Ok, você pode dizer que essa é uma conversa batida. De fato, orientadores de carreira não cansam de dizer isso: se você quer alcançar algo, você precisa, antes de mais nada, saber que diabos tal “algo” é. Se ele vai se materializar ou não, esta é outra estória: dependerá de circunstâncias que podem fugir do controle da pessoa.

Mas vamos tentar aproveitar essa ideia: a de ter um vislumbre como fator condutor e mesmo como suporte de um propósito. O vislumbre é isso: uma vaga impressão, por vezes até mesmo afetiva, acerca de alguma convergência no futuro. Convergência em torno de um estado de ser, uma posição financeira (mais comum), ou, o que quero debater a seguir, uma posição de pessoa.

Uma pessoa, na sua vida cotidiana, poderia orientar-se por um vislumbre acerca de quem ela pensa que é, ou, especialmente, gostaria de ser? Aqui também a experiência é importante: sabemos que o que os outro pensam de nós é, em parte, independente de qualquer coisa que façamos. Alguma outra parte, porém, depende, sim, do que fazemos.

Por alguma razão, falar em “agenda oculta” é algo pejorativo. Quer dizer, quando alguém percebe que o outro está se orientando por algum objetivo e que, por tal objetivo, ele chega até mesmo a “manipular” os outros, a impressão não é a das melhores. Esse outro pode ser visto como falso, superificial, manipulador, etc.

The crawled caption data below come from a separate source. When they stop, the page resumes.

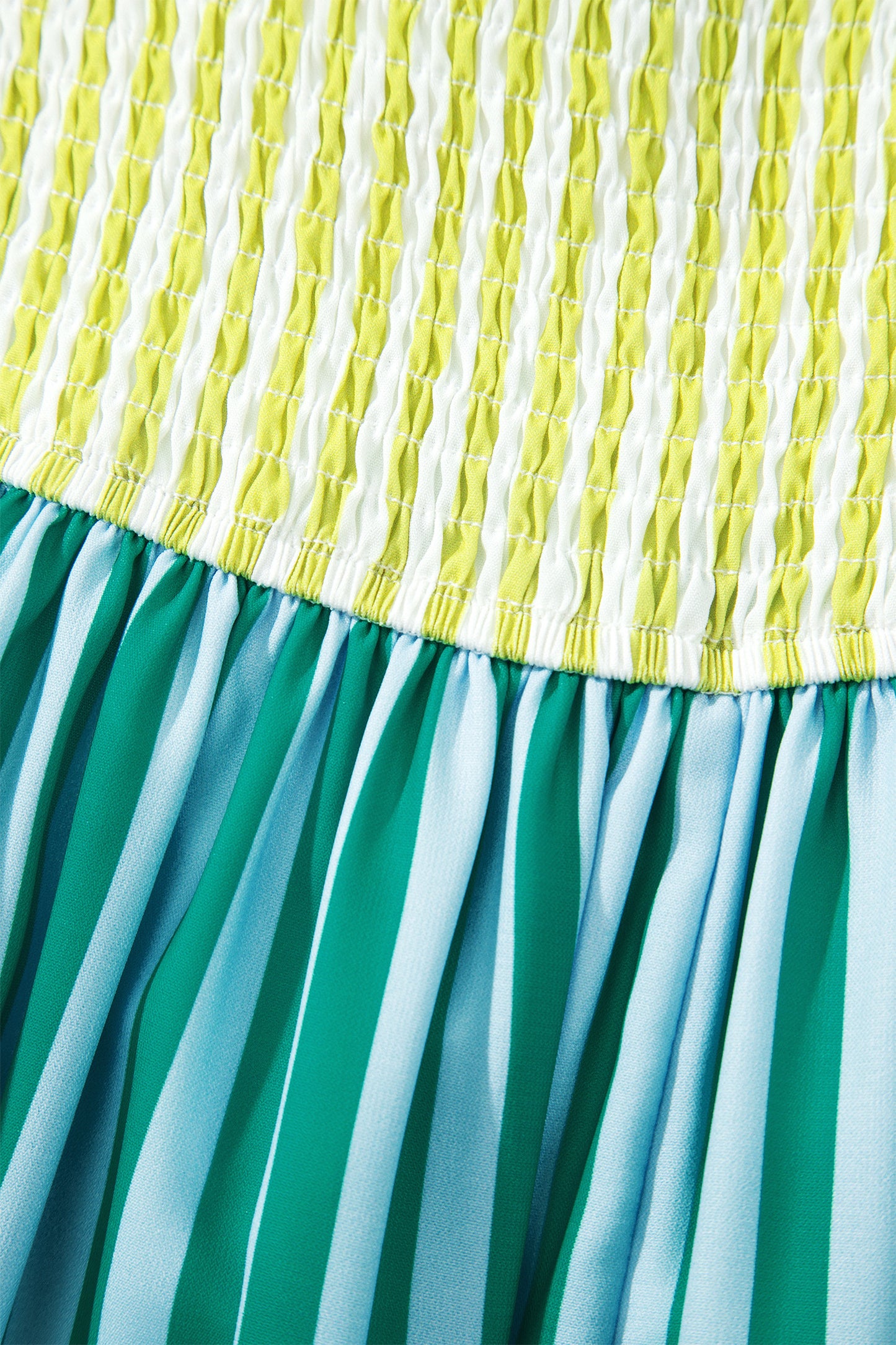 Green Stripe Scallop Midi Dress
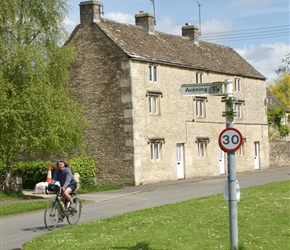 Jo cycling through Cheringham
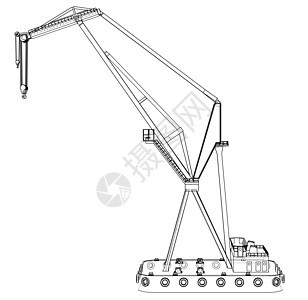 浮起重机建造蓝图巡航3d吊装机器货运船运送货运输背景图片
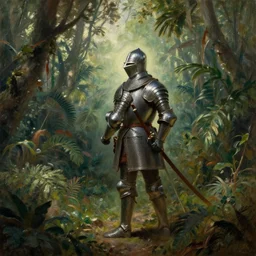 a Dutch knight exploring a Jurassic jungle, oil painting by Rembrandt, trending on ar station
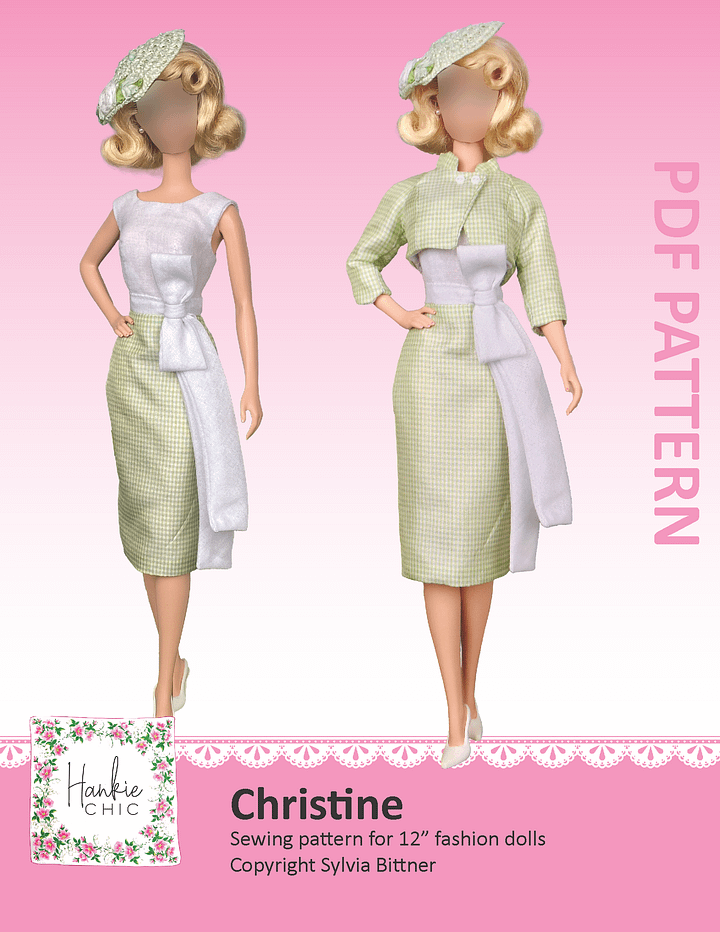 Christine sewing pattern for 12" fashion dolls product image (1)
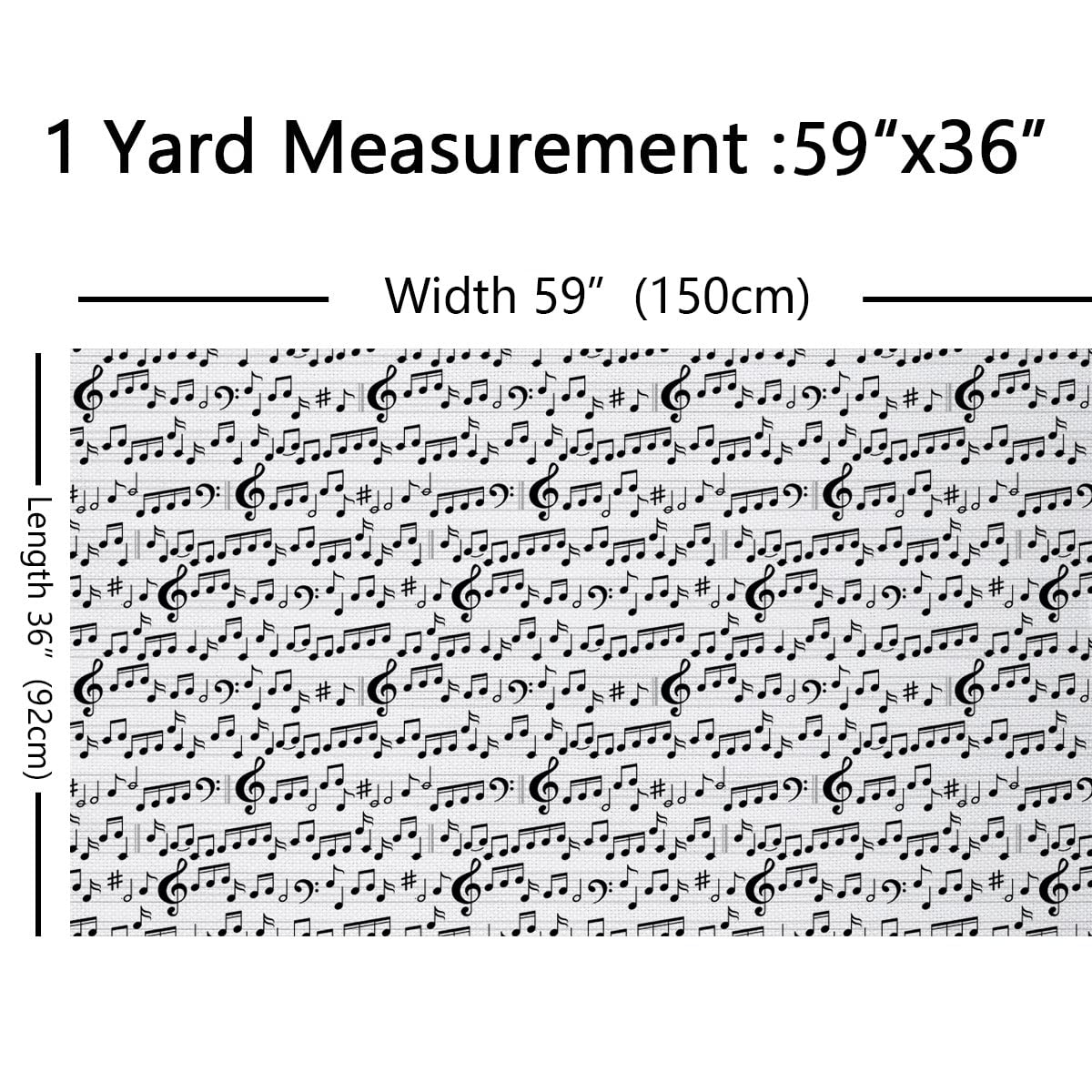 Music Upholstery Fabric by The Yard,Musical Note Outdoor Fabric by The Yard,Abstract Fabric for Upholstery and DIY Projects,2 Yards,(L184*W150cm) Black White - Image 2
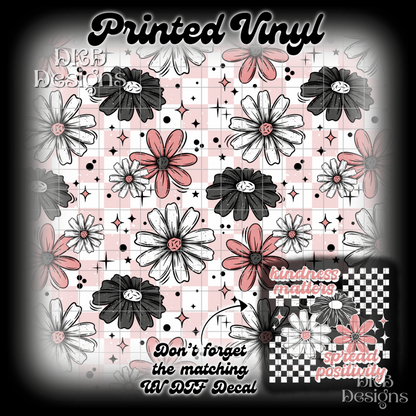 Pink gray floral Printed Vinyl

Porém, e se, na nossa vida cotidiana, nos orientamos por algum tipo de vislumbre, ou princípio? Claro que, a depender das circunstâncias, ajustamos nossa conduta; porém, como você sabe em que base você se posiciona num grupo? Por que você conclui as coisas que conclui, se é que o faz; ou por que fica calado, em vez de se expressar? Em que base seu comportamento é mais ou menos organizado?

Acho que as pessoas podem até nos detestar, mas o farão muito mais pelo que não dizemos do que pelo que dizemos claramente, por mais que destoemos de algumas circunstâncias. Pois o vislumbre que temos sobre nossa posição de pessoa no futuro, ou mesmo no presente, daria uma coerência mínima em nossos posicionamentos. Não haveria sequer problema em revelar nossa agenda oculta, caso, e isso é importante, tal agenda não tenha a ver, de fato, com manipular pessoas para se alcançar objetivos exclusivamente pessoais, no plano econômico, nas esferas de poder em geral – o que é, podemos dizer, uma forma pura de corrupção.

Por outro lado, somos, sim, uma persona. Nosso silêncio, como no filme de mesmo nome, pode propiciar a criação de significados por parte do outro. Mas, ao enunciarmos nossas premissas, não penso que vamos ser tomados como corruptos, no sentido que sugeri a pouco. O ponto é, então, o seguinte: qual é, afinal, tal vislumbre? Qual nossa “ideologia”? Como chegar a isso? Conhecendo nosso desejo? Projetando uma imagem e acreditando nela? Mais ou menos trabalhando sobre uma imagem a ser, cuidadosamente, apresentada ao outro, dentro daquela parte que cabe a nós no processo de influenciação social?

Talvez uma sugestão seja começar pequeno. Por exemplo, em que você, de fato, acredita hoje? Você consegue se comprometer com isso? Pois onde estiver sua atenção, ali estará seu “verdadeiro eu” e, como tal, ali estará, seja por ação, ou, principalmente, omissão, seu centro de gravidade. Ou não conhecemos, ou temos medo desse centro de gravidade. Temos medo de nos afiançarmos nele para “darmos as caras” no mundo.

Acho que o conceito de ilusão do Freud é muito interessante. Se não pensarmos de modo “positivista”, em que há verdade x falsidade, a ilusão se aproxima da ideia de vislumbre. A ilusão comporta duas faces: de um lado, pode trazer conforto (como na crença religiosa, de que um pai olha por nós do além); de outro, terror – sendo este a face mais promissora: terror porque a ilusão pode não ter nenhum, repito nenhum!, contraponto (por exemplo, a “verdade”). A ilusão é como a experiência da fé: jogar-se no escuro, de peito aberto, com amor fati, venha o que vier, e sem arrependimento algum, seja qual for o resultado, mesmo a vida sendo uma só e o bem mais valioso. O vislumbre pode ser de mesma natureza: um salto no escuro, com um sentimento similar à angústia ou temor de Kierkegaard. Mas, na tentativa de fugir a esse temor, abrimos mão de nos colocarmos diante do mundo a partir de um vislumbre que fala a nosso coração.